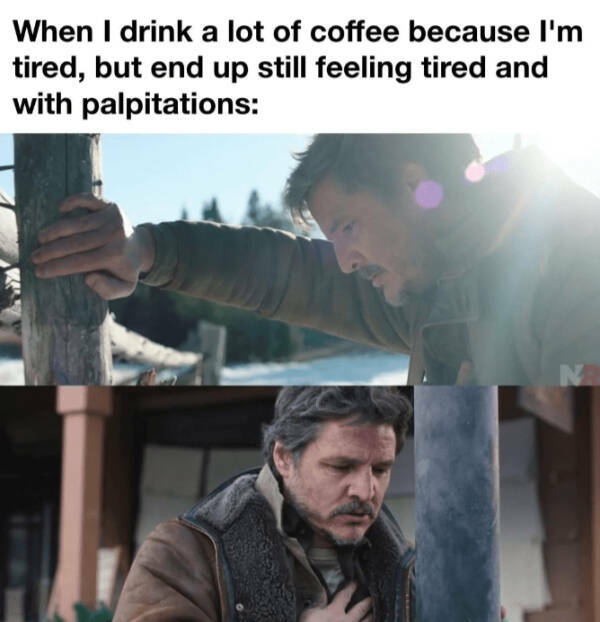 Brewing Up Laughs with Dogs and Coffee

☆ ☆ ☆ ☆

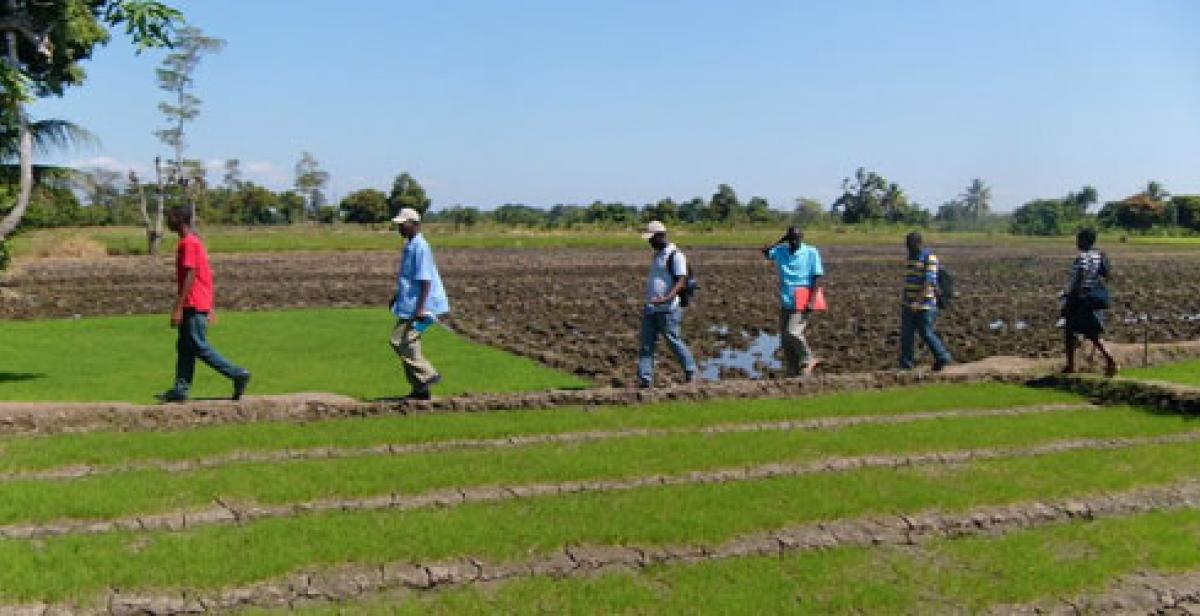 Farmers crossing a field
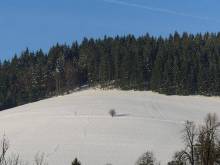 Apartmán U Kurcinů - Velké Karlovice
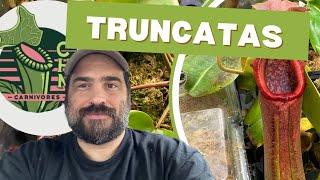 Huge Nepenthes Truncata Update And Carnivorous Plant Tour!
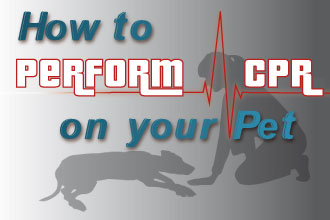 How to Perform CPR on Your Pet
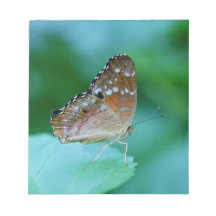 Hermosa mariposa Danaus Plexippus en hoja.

☆ ☆ ☆ ☆

> [INSTRUCTIONS TO FOLLOW]: Reproduce the listing above only between the lines holding "Huge Nepenthes Truncata" and "Hermosa mariposa Danaus Plexippus en hoja.", inclusive. Every line must match exactly, and pictures are dropped.

> [SOLUTION FOR THIS EXERCISE]:
 Huge Nepenthes Truncata Update And Carnivorous Plant Tour!
 How to Perform CPR on Your Pet
 Hermosa mariposa Danaus Plexippus en hoja.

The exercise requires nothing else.